The therapeutic potential of targeting this axis is particularly noteworthy. Inhibition of the SCF FBXL17 E3 ubiquitin ligase (using small chemical inhibitors or FBXL17 shRNA) decreases proteasome-dependent degradation of SPAST-M1 and induces axonal extension in normal neurons. More remarkably, inhibiting the SCF FBXL17 E3 ubiquitin ligase can rescue the phenotypic defects caused by the SPAST Y52C mutation . This suggests that targeting FBXL17 could provide a novel therapeutic approach for certain forms of HSP where spastin regulation is disrupted.

What experimental approaches can effectively study FBXL17-mediated protein degradation kinetics?

Investigating FBXL17-mediated protein degradation kinetics requires specialized techniques that capture the dynamic nature of protein ubiquitination and subsequent degradation. The cycloheximide (CHX) chase assay represents a fundamental approach, where new protein synthesis is blocked using cycloheximide and samples are collected at multiple time points thereafter. Western blotting analysis of target protein decay (such as Sufu or SPAST-M1) can then reveal degradation rates. Studies have shown that Sufu half-life increases from approximately 6 hours to more than 12 hours in FBXL17-depleted cells, providing quantitative measures of FBXL17's impact on degradation kinetics .

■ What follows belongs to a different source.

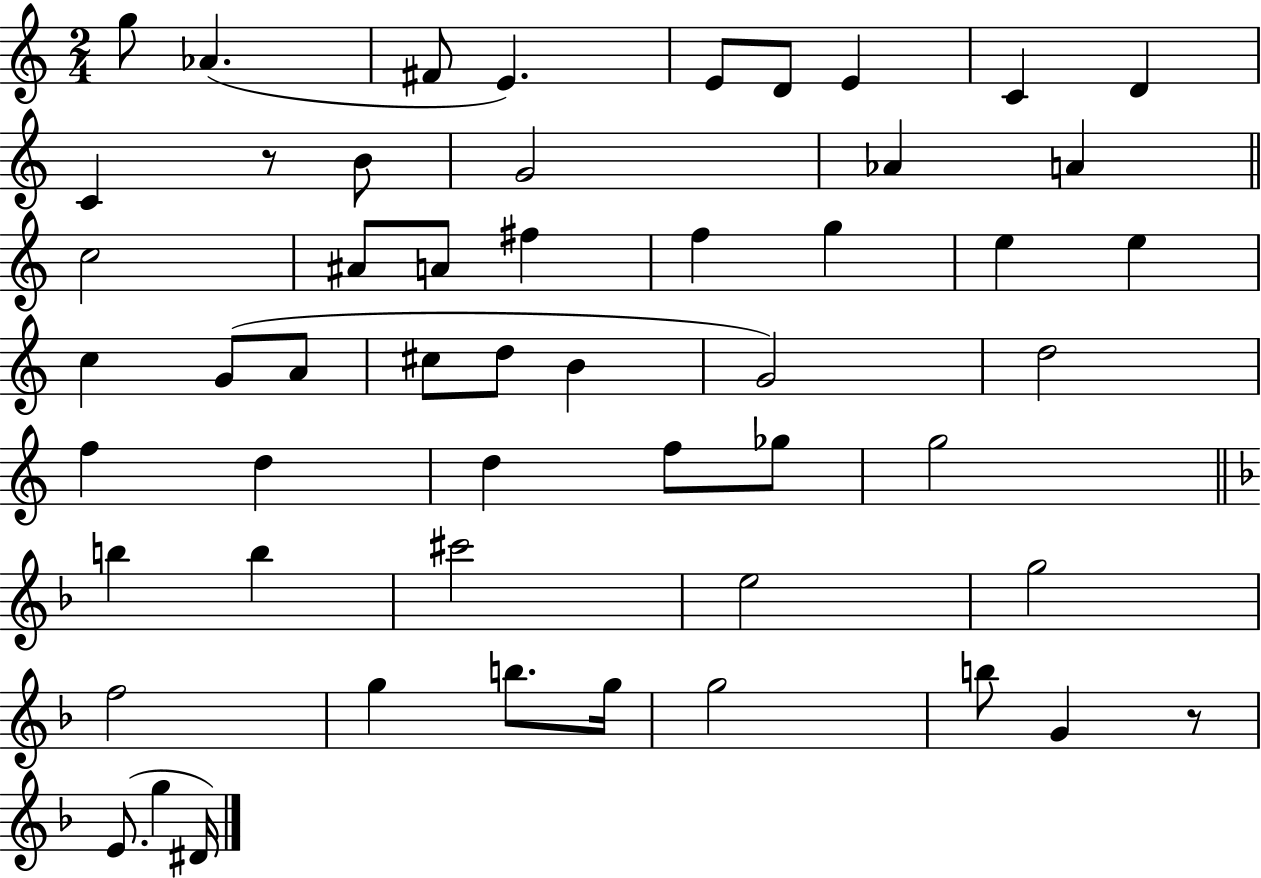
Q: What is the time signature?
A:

Ubiquitination assays provide direct visualization of FBXL17's enzymatic function. These typically involve co-transfection of tagged ubiquitin (e.g., HA-ubiquitin) with FBXL17 and its substrate, followed by immunoprecipitation of the substrate and detection of ubiquitin modifications via Western blot. This approach can determine both the extent and pattern of ubiquitination (e.g., K48 vs. K63 linkages) on FBXL17 targets.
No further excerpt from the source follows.